The events of the opening days for these internet companies is mainly inconclusive for its long-term gains. All of these examples are positive in the long term, but one thing is clear - waiting for the dip in Facebook (NASDAQ:FB) would have yielded a 300% return (with perfect execution, so give or take a few dollars on the entry point) for the trader.
Forward Looking Analysis:
With a price to book of 29.91 and a price to sales of 45.76, it is not hard to see why some see Twitter as overvalued. Twitter also does not have a price to earnings ratio since the company is not currently profitable. A look into the future reveals that the company expects 2015 revenue of $1.24 billion and EBITDA of $200 million. At a market cap of $22.69 billion, that values Twitter at 18.3x and 113.45x projected revenue and EBITDA in 2015, respectively. As I feel with Tesla, I feel as though shares of Twitter are trading emotionally and on news rather than fundamentals. And as such I would not buy Twitter anytime soon, or Tesla as stated in that article. When the bottom is in with Twitter, we will know when to buy, as there will be numerous articles at that time proclaiming the end of Twitter.

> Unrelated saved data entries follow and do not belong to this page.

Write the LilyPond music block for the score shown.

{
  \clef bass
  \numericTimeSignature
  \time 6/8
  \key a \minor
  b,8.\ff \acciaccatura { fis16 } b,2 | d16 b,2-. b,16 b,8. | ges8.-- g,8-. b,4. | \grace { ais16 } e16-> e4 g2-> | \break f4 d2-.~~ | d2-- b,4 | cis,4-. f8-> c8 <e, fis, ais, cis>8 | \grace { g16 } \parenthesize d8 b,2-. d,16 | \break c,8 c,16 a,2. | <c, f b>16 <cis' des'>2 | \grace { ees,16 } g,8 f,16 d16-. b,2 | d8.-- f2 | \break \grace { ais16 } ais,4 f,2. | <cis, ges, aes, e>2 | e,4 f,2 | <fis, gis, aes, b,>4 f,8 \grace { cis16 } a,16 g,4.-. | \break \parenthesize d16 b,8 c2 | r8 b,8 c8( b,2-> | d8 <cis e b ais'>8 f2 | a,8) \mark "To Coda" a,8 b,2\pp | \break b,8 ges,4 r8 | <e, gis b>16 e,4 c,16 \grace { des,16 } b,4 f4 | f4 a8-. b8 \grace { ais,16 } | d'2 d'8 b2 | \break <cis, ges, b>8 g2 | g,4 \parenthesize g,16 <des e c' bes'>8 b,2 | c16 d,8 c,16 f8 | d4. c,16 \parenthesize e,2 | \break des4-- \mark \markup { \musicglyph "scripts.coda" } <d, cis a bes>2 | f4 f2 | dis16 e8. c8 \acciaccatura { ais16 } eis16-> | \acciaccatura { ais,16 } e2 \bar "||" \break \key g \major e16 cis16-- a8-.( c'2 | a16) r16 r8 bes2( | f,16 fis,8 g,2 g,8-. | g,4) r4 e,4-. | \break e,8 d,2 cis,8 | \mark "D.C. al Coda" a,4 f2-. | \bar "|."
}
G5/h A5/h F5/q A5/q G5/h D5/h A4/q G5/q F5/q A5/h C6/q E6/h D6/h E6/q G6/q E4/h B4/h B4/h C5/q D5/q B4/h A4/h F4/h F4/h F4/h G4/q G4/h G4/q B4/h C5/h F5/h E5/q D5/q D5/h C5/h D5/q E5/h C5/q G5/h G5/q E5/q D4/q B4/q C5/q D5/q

For example, this article came out on April 30, 2012 stating that Facebook could disappear and Facebook set its low of $18.058 the very next day - an excellent buying opportunity in hindsight. A point that backs the opinion that Twitter will trade on the news moving forward, not technicals or fundamentals - so keep a close eye but do not pull the trigger anytime soon.
One of the main differences with Facebook and Twitter is the former's turbulent opening and mispricing - a fate that Twitter has not shared, yet! I am waiting to buy shares of Twitter on the dip - below $30. Facebook fell from $45 to $18 three months after their IPO and Groupon fell from $30 to $4 a year after its IPO - an event that I feel will also be in Twitter's fate - on a timescale closer to Facebook than Groupon. Even birds can hear the off pitch nature of this tweet, as investors should heed the call to stay away as well.
Disclosure: I have no positions in any stocks mentioned, and no plans to initiate any positions within the next 72 hours. I wrote this article myself, and it expresses my own opinions. I am not receiving compensation for it (other than from Seeking Alpha). I have no business relationship with any company whose stock is mentioned in this article.
Additional disclosure: Always contact a financial professional before executing any trades. This article is in my personal opinion and is informational in nature.